It was inevitable that the true identity of Theodore Bundy would eventually be revealed. He would keep the charade going for a time. But at this point it hardly mattered, as even Bundy realized he wasn't going anywhere for a long time. Having been apprehended in a stolen car and having in his possession 21 stolen credit cards and numerous items which didn't belong to him (some of which would ultimately be traced to burglaries in the Tallahassee area) meant Ted Bundy would be a guest of Florida's correctional system for a very long time.

When Detective Norman Chapman of the Pensacola Police Department began going over the items from "Misner's" stolen car, it became apparent Tallahassee authorities would need to be involved because of the credit card theft from that area. It also was of keen interest that this Misner fellow would have the credit cards and ID's of FSU coeds in his possession.

Once again, the credit card trail would incriminate Bundy. After his first arrest he was surprised at what investigators were able to do with such information, but this time he was fully aware of the danger of being linked to any location at a particular time by a credit card purchase. Indeed, it was almost suicidal for Bundy to hold onto credit cards and other items which would link him to the murders, but he did. Just as his deterioration had caused his modus operandi to change when it came to murder, so too, he had lost his ability to hide his tracks.

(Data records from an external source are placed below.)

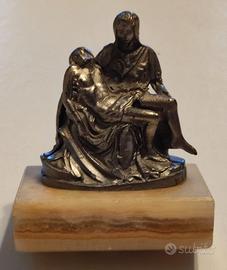 Statuetta Pietà di Michelangelo souvenir anni 50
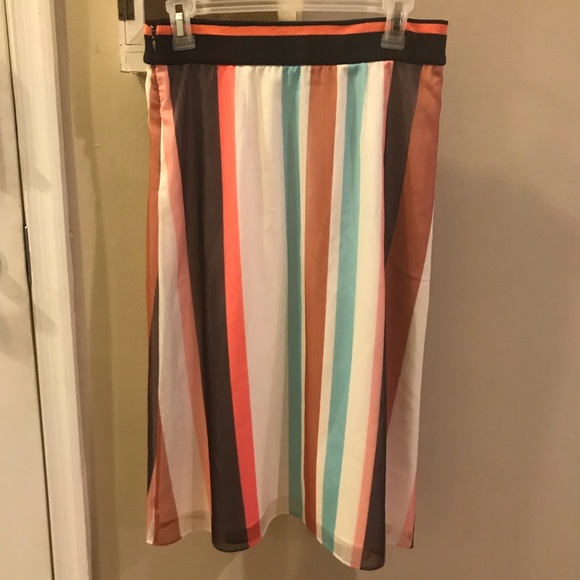 Multicolored Skirt. Size 2 - Picture 2 of 4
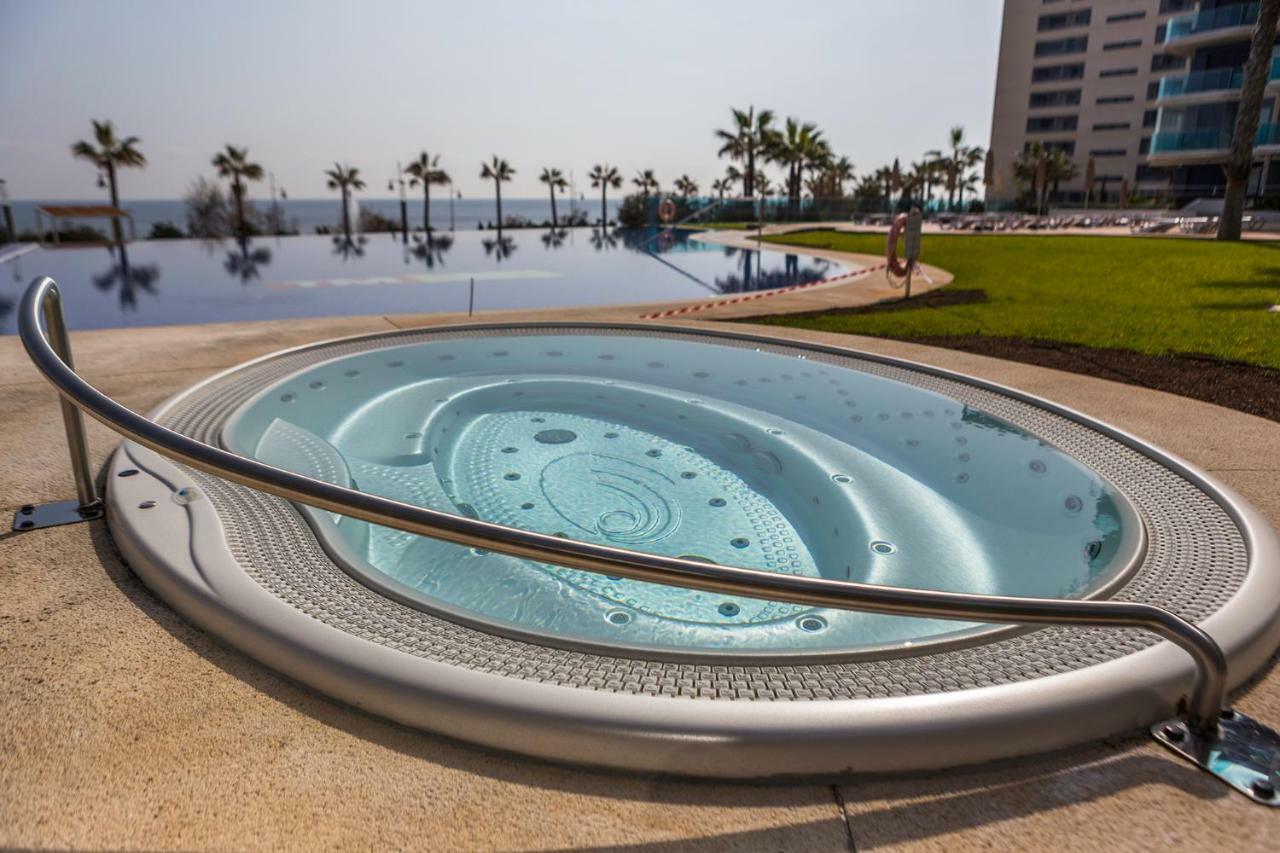 Apartamento Sea Senses Victoria Frente Al Mar Torrevieja Buitenkant foto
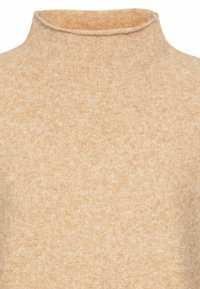 Tan rullekrave sweater lavet af blødt strikmateriale. Har en høj krave og en ensartet tekstur med subtile farvevariationer.
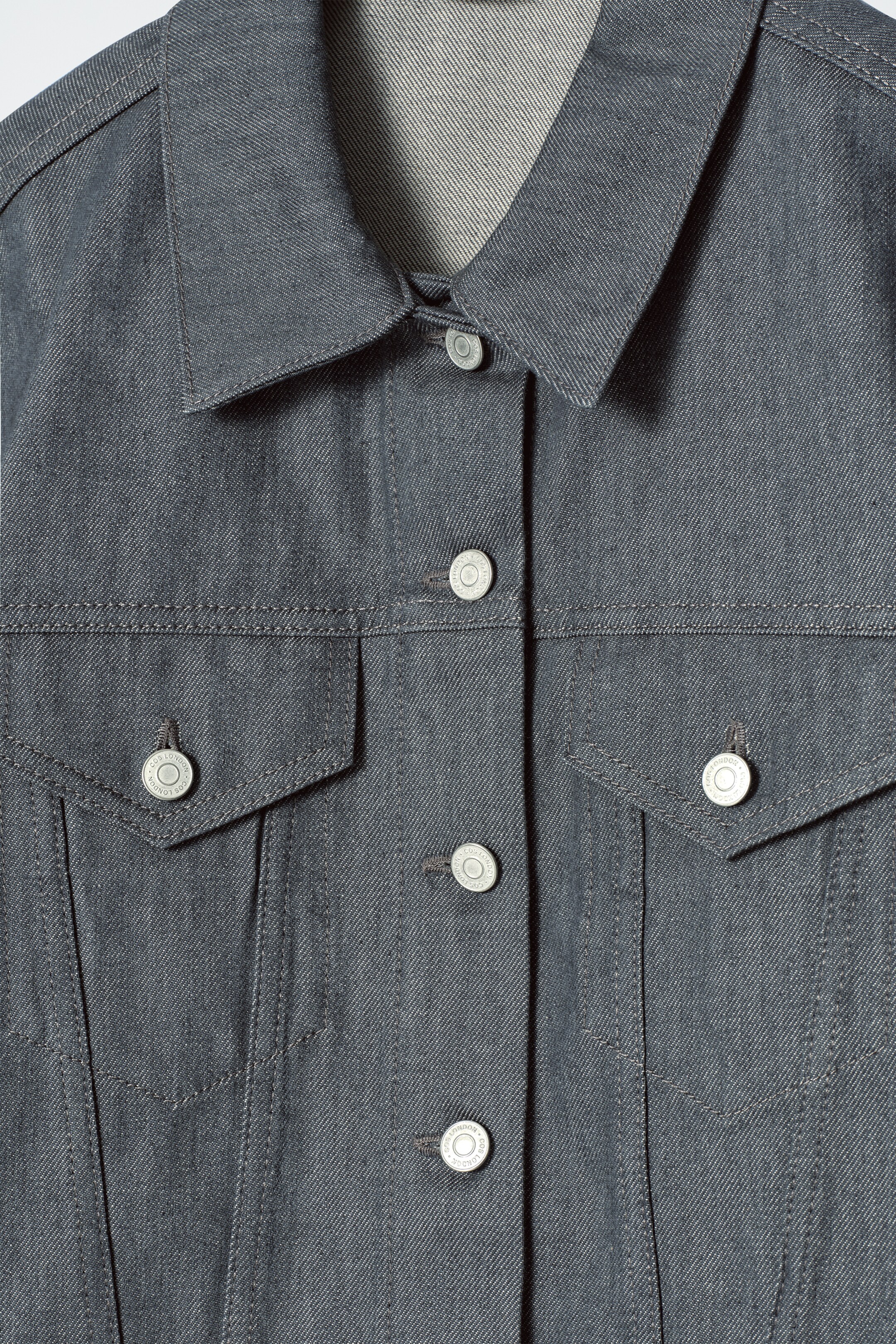 Zobraziť väčší obrázok: Oversized bunda z raw denimu - Neopracovaná sivá - ŽENY | H&M SK 8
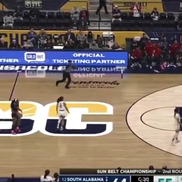 Bătaie generală între baschetbaliste pe teren / foto: X @TheFieldOf68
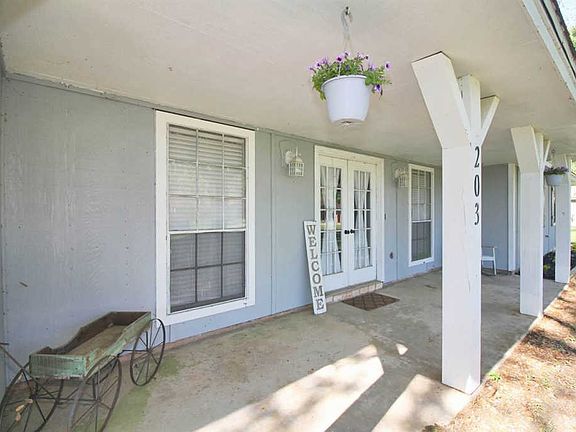 3rd image of 203 Greenwood Dr
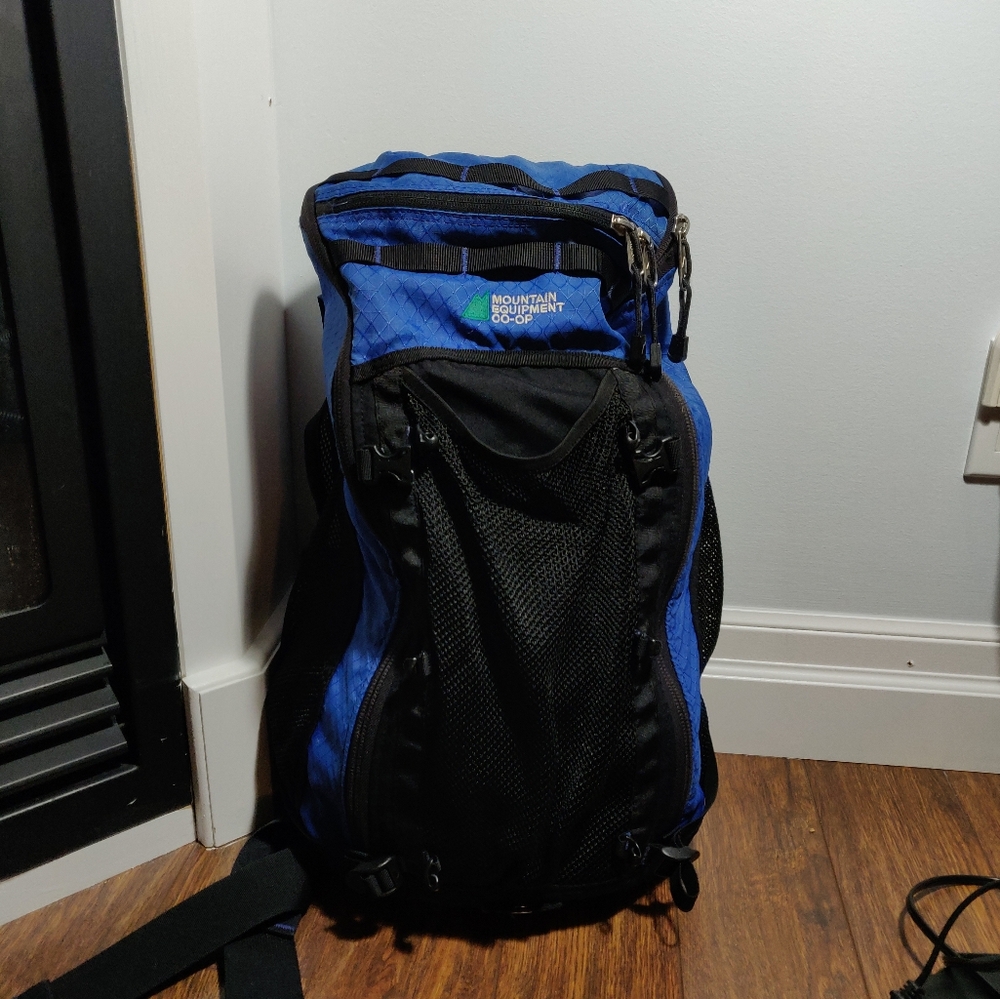 Vintage Blue/Black Medium MEC backpack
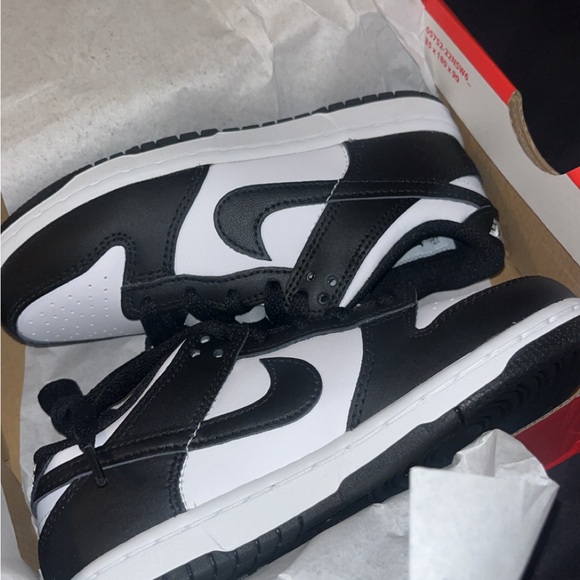 Panda Dunks Size 12c Can’t fit only worn once - Picture 3 of 3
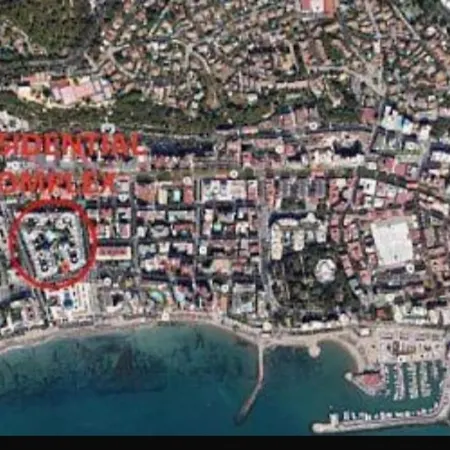 Beachside In Center Of *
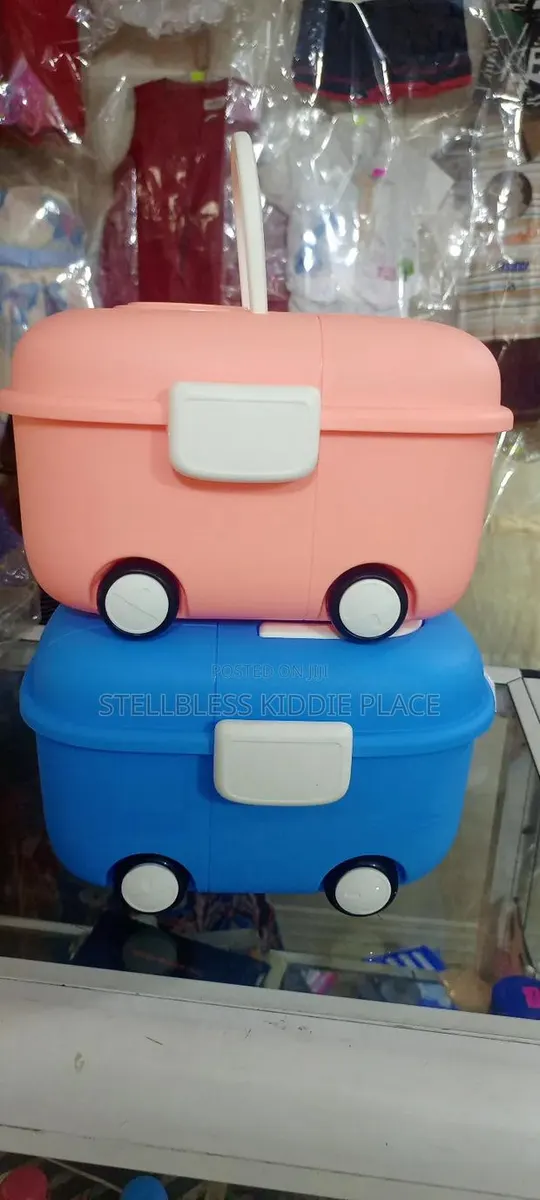 Durable Plastic Lunch Box · Photo 4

Two of the items discovered by investigators among the things Bundy had discarded from the VW while stuck at Eglin were an electrical cord and tire iron. Neither of these items automatically stood out as anything special (they retrieved lots of things Bundy had ditched, including the Bug's rear seat), but they would make perfect sense to Florida investigators later.

It wasn't long after Chapman's call to Tallahassee that Detective Don Patchen of the Tallahassee Police Department and Stephen Bodiford of the Leon County Sheriff's Office were headed over to Pensacola to meet with "Kenneth Misner." There must have been a sense of anticipation as the two seasoned investigators headed west along the same route Ted Bundy had traveled only days before. Thus far, the investigation into the Chi Omega murders had led them nowhere. If there were a connection between the coed material being held by their counterparts in Pensacola and the events in Tallahassee, it would be made rather quickly. What they couldn't have known was that the credit card and identification cards of the FSU students were but the tip of the proverbial iceberg, and the break they'd been looking for was even now on the horizon.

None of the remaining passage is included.